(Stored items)
================
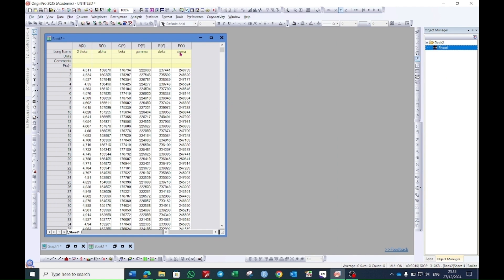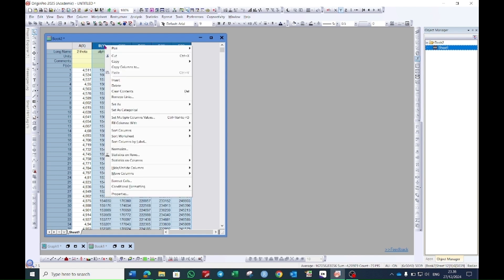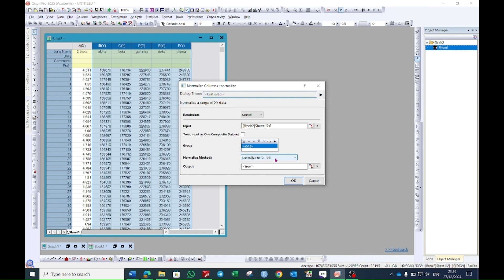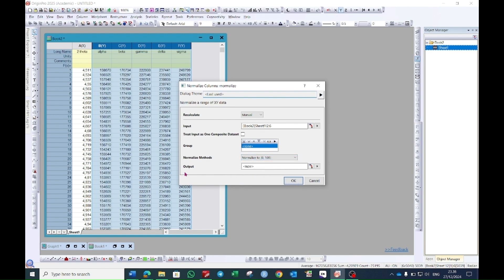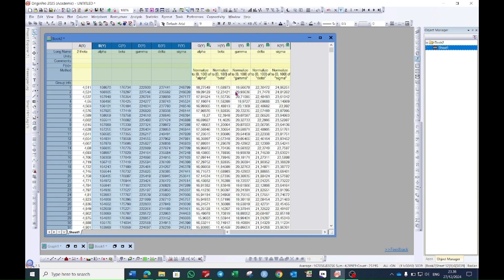To convert these values into normalized form, select all of the columns, right-click, and you will see an option which is 'Normalize' — select this one. A box will open; here you will see a normalization method which can be from 0 to 100 or other options as well. To choose 0 to 100, make sure the output is set to 'New' and then press OK.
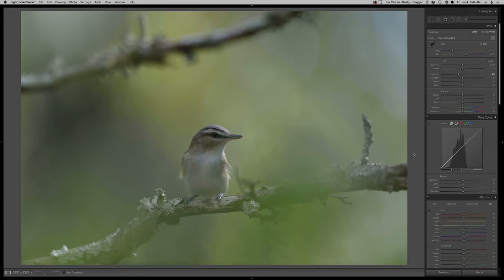Hey there, thanks so much for stopping by another real-time edit. Today I got this fun red-eyed vireo that needs a little help here. The shot's got some potential but this one definitely not quite there in the original exposure and lighting.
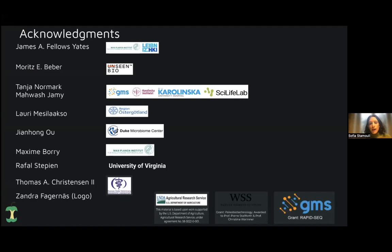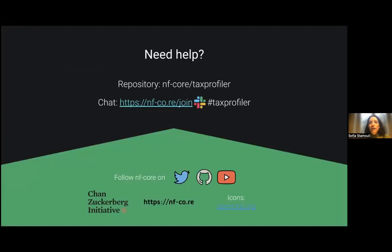If you have any questions, please reach out to our Slack channel with the hashtag TaxProfiler. That's it, and I'm happy to answer any questions.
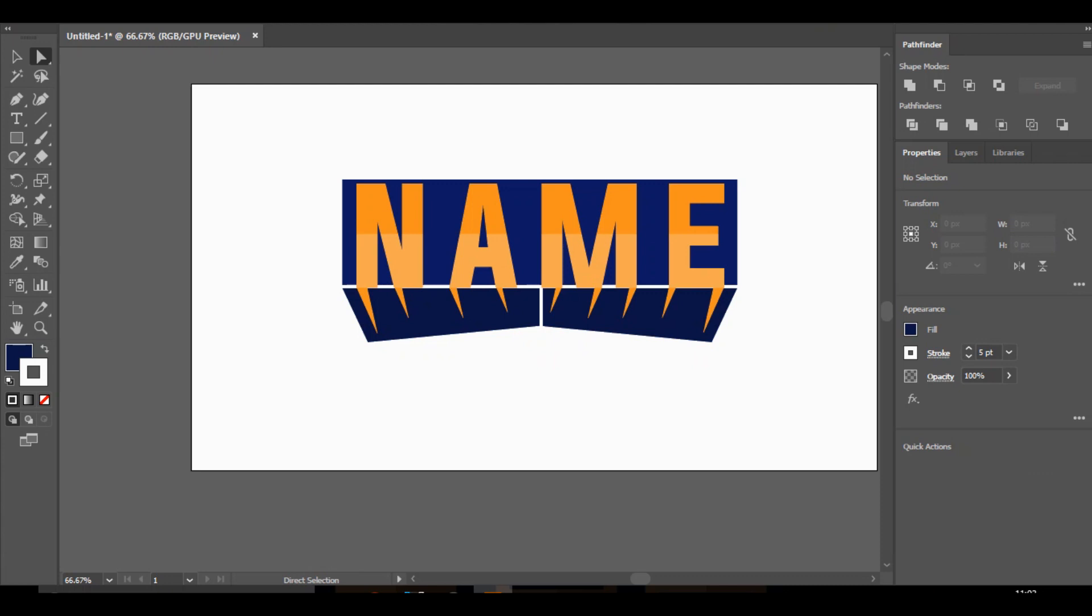But yeah. Anyway guys. That's the basic idea of how to make a nice esports mascot text. So yeah. I hope you enjoyed. If you did, smash the like button. Subscribe if you're new. Let me know what video you'd like to see from me next. And I hope you're all having a sick day today. And I'll see you guys in the next video.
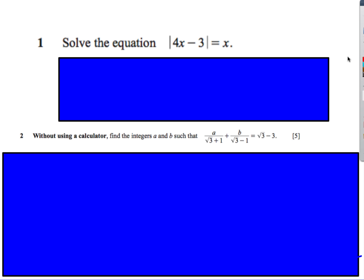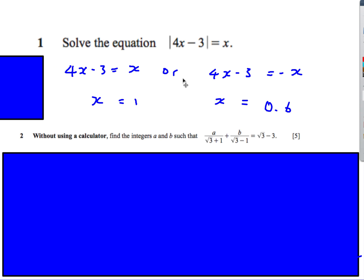Next: solving an absolute value (modulus) equation |4x − 3| = x. Step one: ignore the modulus and solve 4x − 3 = x, giving x = 1. Step two: solve 4x − 3 = −x, giving x = 0.6. Note: if it were an inequality, you'd need to be careful — put the negative on the absolute value side and flip the inequality when dividing by negative.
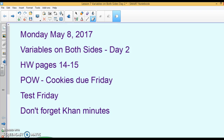This is going to be lesson 7 in our Solving Equations unit. It's going to be on variables on both sides, day 2. The homework for this lesson is going to be page 14 and 15, and then there is a unit test coming up on Friday, May 12.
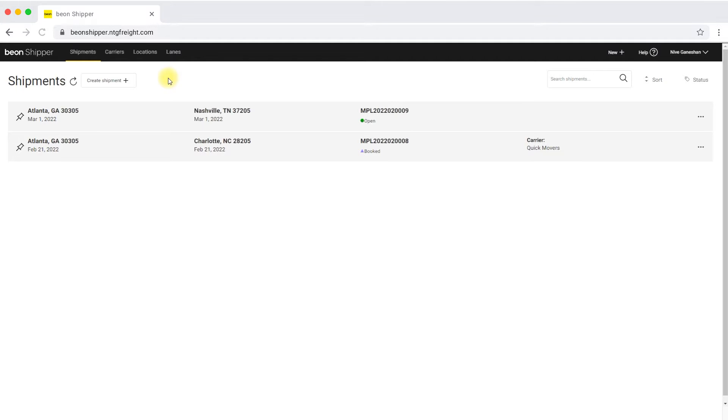Here's how to add locations onto the platform. Doing this will save time and enable a quick shipment tendering process.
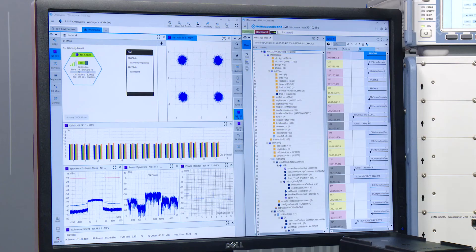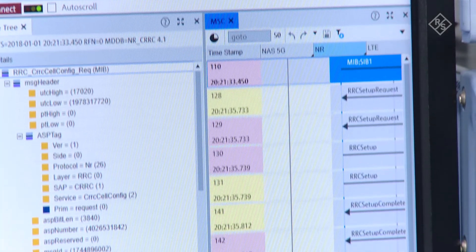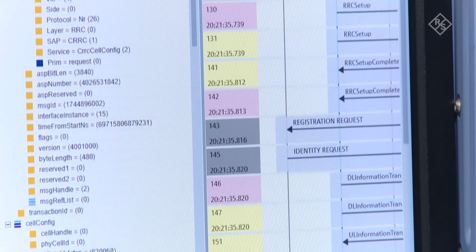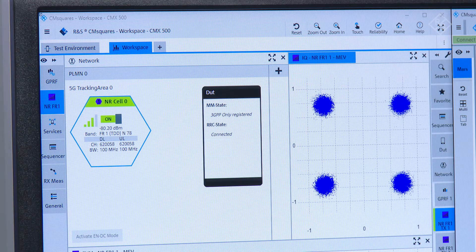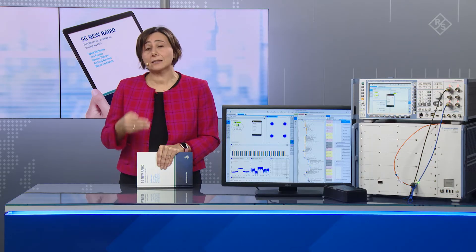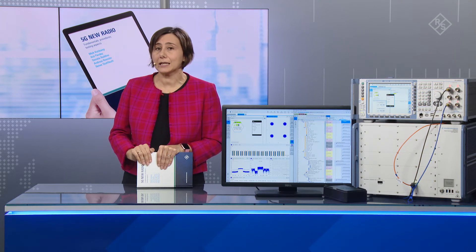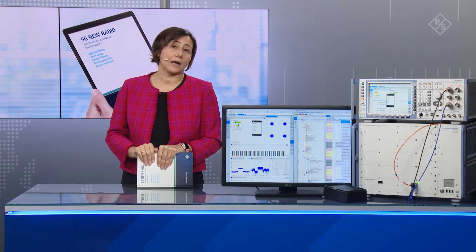The next step after random access is the RRC connection setup. And the very last step is the NAS signaling — the connection to the 5G core. Since we have a new module in our deployment with the 5G core, we have new NAS signaling. In our CMX scenario setup, we can simulate the NAS signaling protocol. The UE is able to connect to the 5G core and even select network slicing, which is a new feature in the 5G core network.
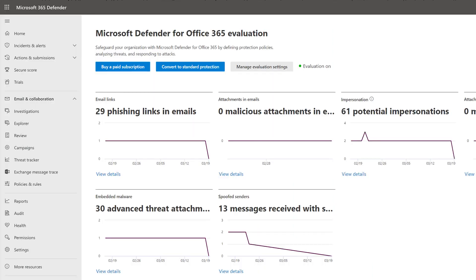We hope that you got everything you wanted out of your Defender for Office 365 evaluation. If you're ready to move forward and purchase our product, select Buy a paid subscription. This will open the Purchase Services page in the Microsoft 365 Admin Center with options available for licensing it.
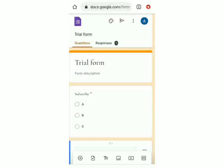So this is basically how Google Forms works. I hope this video helped you — don't forget to hit that subscribe button. Goodbye.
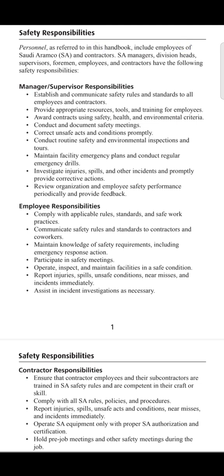We are now ending part three of the safety responsibilities from the Saudi Aramco safety handbook. We will be coming soon with the next video covering the next part. All this data is referenced from pages one and two of the Saudi Aramco safety handbook.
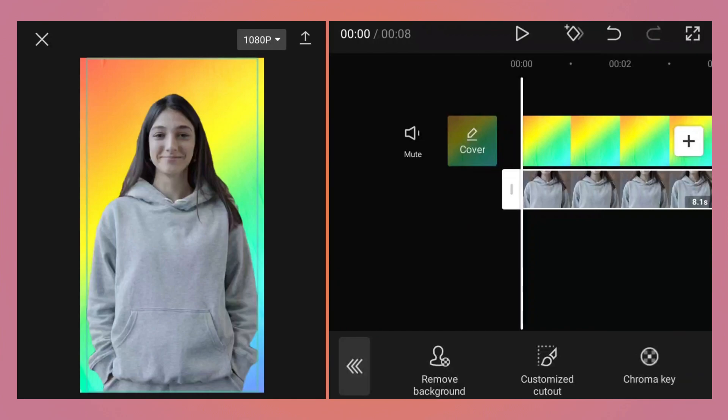But here it is clearly visible that we have removed the background of the video and replaced it with the colorful background or another video. The background and foreground are not looking like they are part of one video, so we need to do one more step to make it look like it is not edited.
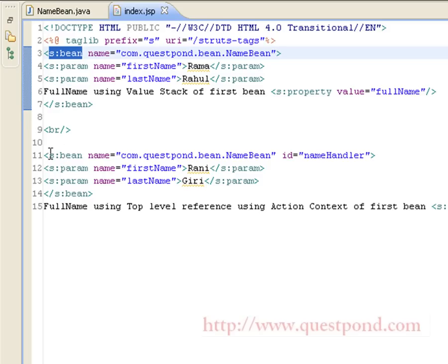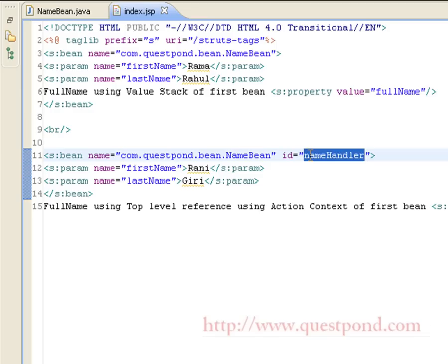The second way of accessing the bean is to again create a bean referencing the NameBean class, but with the id set to 'nameHandler'. We initialize first name and last name for this bean with Rani and Giri respectively. If we want to access the bean outside the s:bean tag, we can do so by using the id attribute set as nameHandler. By using the OGNL expression hash followed by the name of the id — in our case 'nameHandler' — we are able to refer to the required attributes present within the bean, in this case full name, which will be the concatenation of first name and last name.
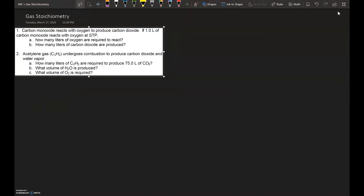Gas stoichiometry. What exactly is gas stoichiometry? That's the topic for today and we're going to be looking at what gas stoichiometry is and how we apply it. We have to understand what stoichiometry is — this goes back to our previous chapters where stoichiometry is just utilizing the mole-to-mole ratio within a balanced chemical equation. In terms of gas stoichiometry, we're going to be applying the gas laws that we've learned along with the stoichiometry part.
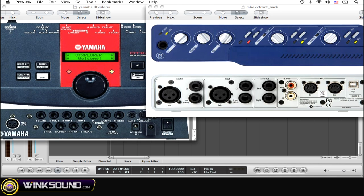Meaning if you plugged it into input one, make sure that channel strip is using input one, or if you're going into input two, make sure it says input two, and so on.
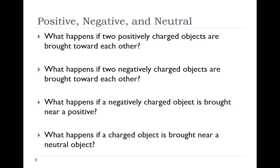If a negative charge is brought near a positive or vice versa, then you get attraction. And interestingly, as we saw with the wall, if you bring a charged object near a neutral object, you get an induced attraction. So neutral objects are attracted to charged objects.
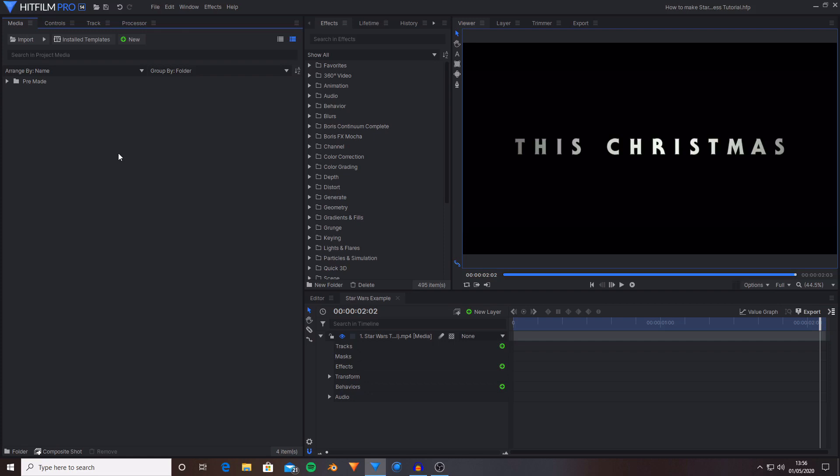Hello and welcome back to another HitFilm tutorial. Today I'm going to be showing you how you can create some titles that are inspired by the trailer titles that are seen inside of the more recent Star Wars movie trailers.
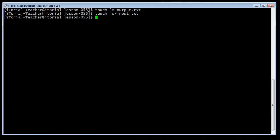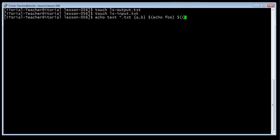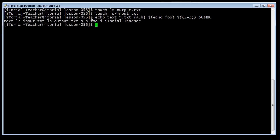Here is a comparison of unquoted, double quotes, and single quotes. Try typing this: echo text *.txt {a,b} $(echo foo) $((2+2)) $USER — then click return.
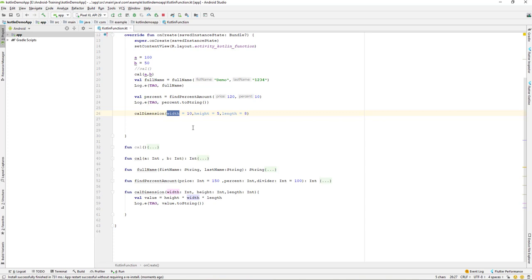You may be wondering why we should use named arguments instead of just passing values directly. The named argument is useful when you have many parameters — say 10 or 20 parameters that you need to pass. With so many parameters, it may be very difficult to remember what kind of value you should pass at each position. Using named arguments avoids that confusion.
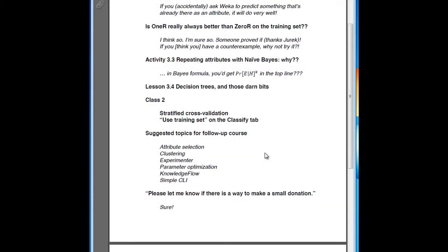There have been quite a few suggested topics for a follow-up course: attribute selection, clustering, the experimenter, parameter optimization, the knowledge flow interface, and the command line interface. We're considering a follow-up course and we'll be asking you for feedback on that at the end of this course.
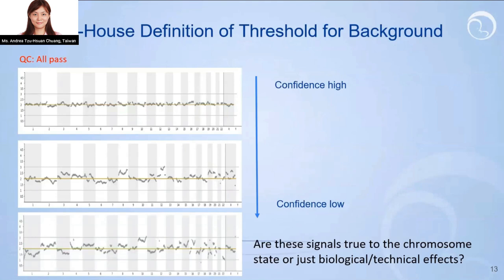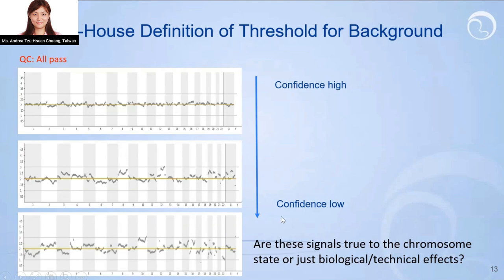Besides the mosaic system, another issue is the threshold for background noise. Most PGTA users choose commercialized software for analysis because manufacturers provide fixed QC values, and the procedure is simpler and faster. However, you may find some samples where all QC parameters pass, but the pattern is still very divergent and very noisy. That means the confidence for mosaic calling is reduced, because we won't know whether signals represent true chromosome status or biological and technical artifacts. For mosaic calling, both the calling criteria and the calling conditions are very important. In some conditions, mosaic calling may not be workable — you should simply distinguish euploid from aneuploid.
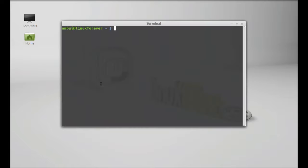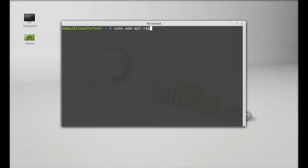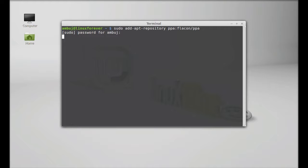Let's install this in Linux Mint. Just open the command line terminal. As it's not available in the repository, we are going to install it via its official PPA. Simply type: sudo add-apt-repository ppa:flacon/ppa and press enter. Give your root password and enter.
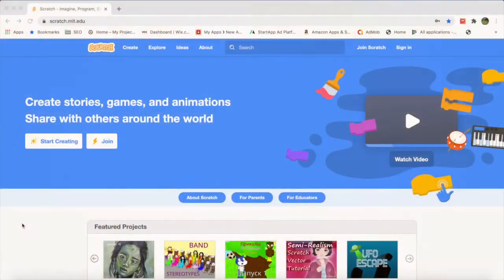Hello viewers. In my previous videos I had used those one hour of code exercises offered by code.org for developing children's initial interest in programming. Now I will be introducing Scratch — a programming language for children developed by MIT, which is known for offering free courses for adults. This initiative for children is simply outstanding.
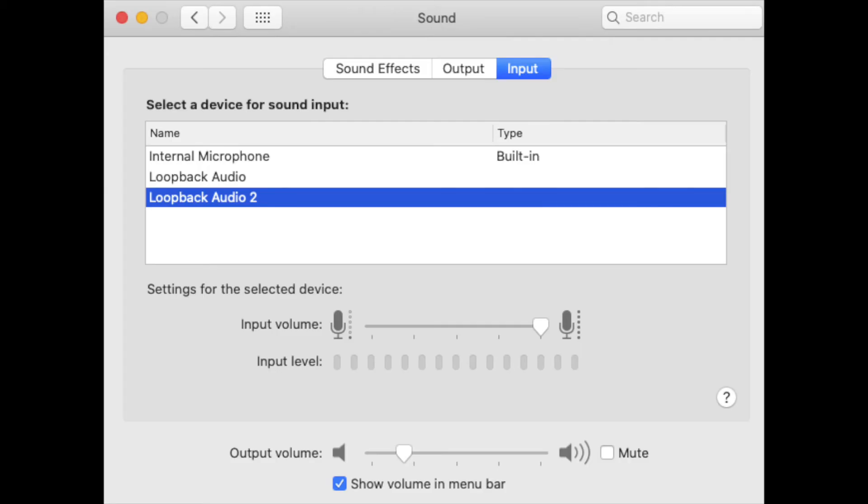The final step is to go to your Mac's sound preferences and choose as input device the virtual device you created in Loopback. In this case, the virtual device is called Loopback Audio 2.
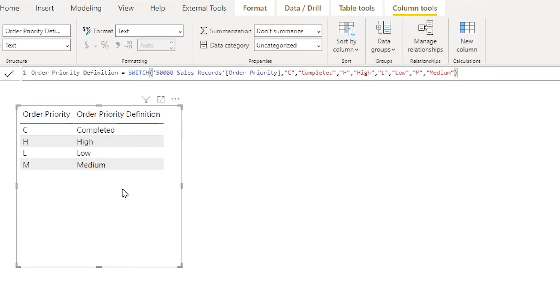This is how you use the SWITCH statement to avoid writing longer formulas or longer DAX in your Power BI. I hope this video has helped you, you've learned something new today. Please consider subscribing to my channel for more such tutorials.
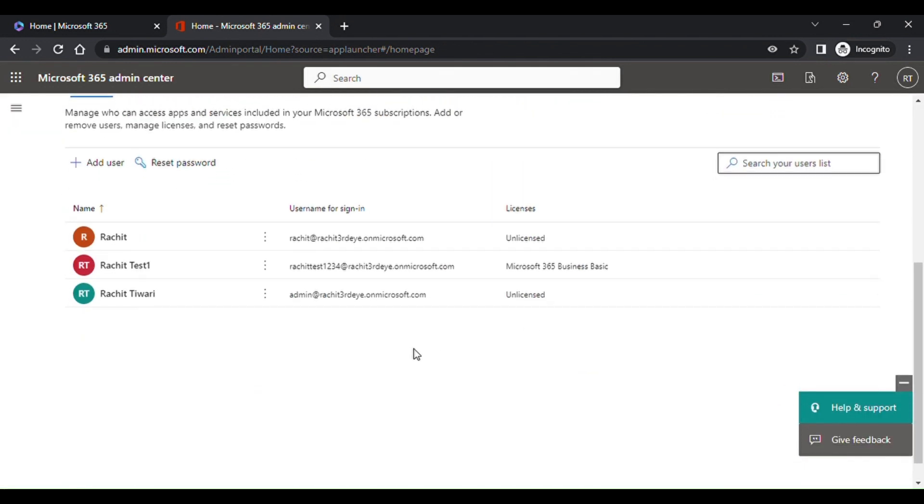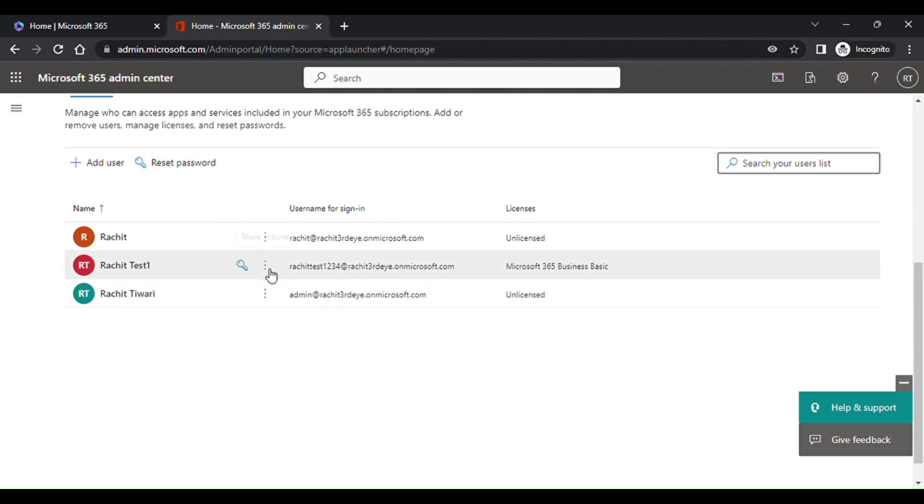Now you can see there is one license assigned to the user called Roger Test. That's how you can assign licenses on Microsoft 365 admin panel.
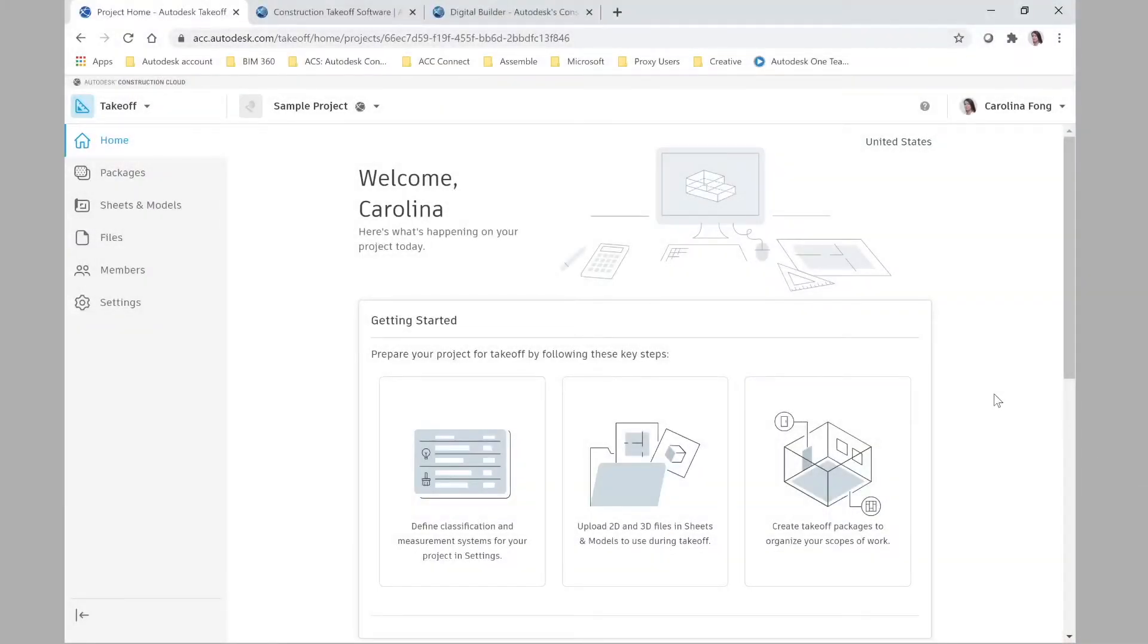Hello everyone and welcome to this new video! In today's video we'll talk about Autodesk Takeoff, the new launch by Autodesk. I'm super excited about this new product.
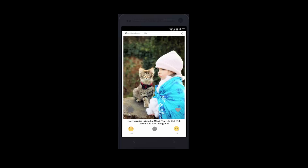At the bottom of the picture, there are two options for commenting to discuss the news and liking or unliking the news. To access the source of news, you can swipe right.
================
What to work on:
I would like the exact lines from the data above, starting with the one that holds "Hey there, thanks" and going on through the one that holds "But yeah. Anyway", without the pictures.

Your solution:
Hey there, thanks so much for stopping by another real-time edit. Today I got this fun red-eyed vireo that needs a little help here. The shot's got some potential but this one definitely not quite there in the original exposure and lighting.
If you have any questions, please reach out to our Slack channel with the hashtag TaxProfiler. That's it, and I'm happy to answer any questions.
But yeah. Anyway guys. That's the basic idea of how to make a nice esports mascot text. So yeah. I hope you enjoyed. If you did, smash the like button. Subscribe if you're new. Let me know what video you'd like to see from me next. And I hope you're all having a sick day today. And I'll see you guys in the next video.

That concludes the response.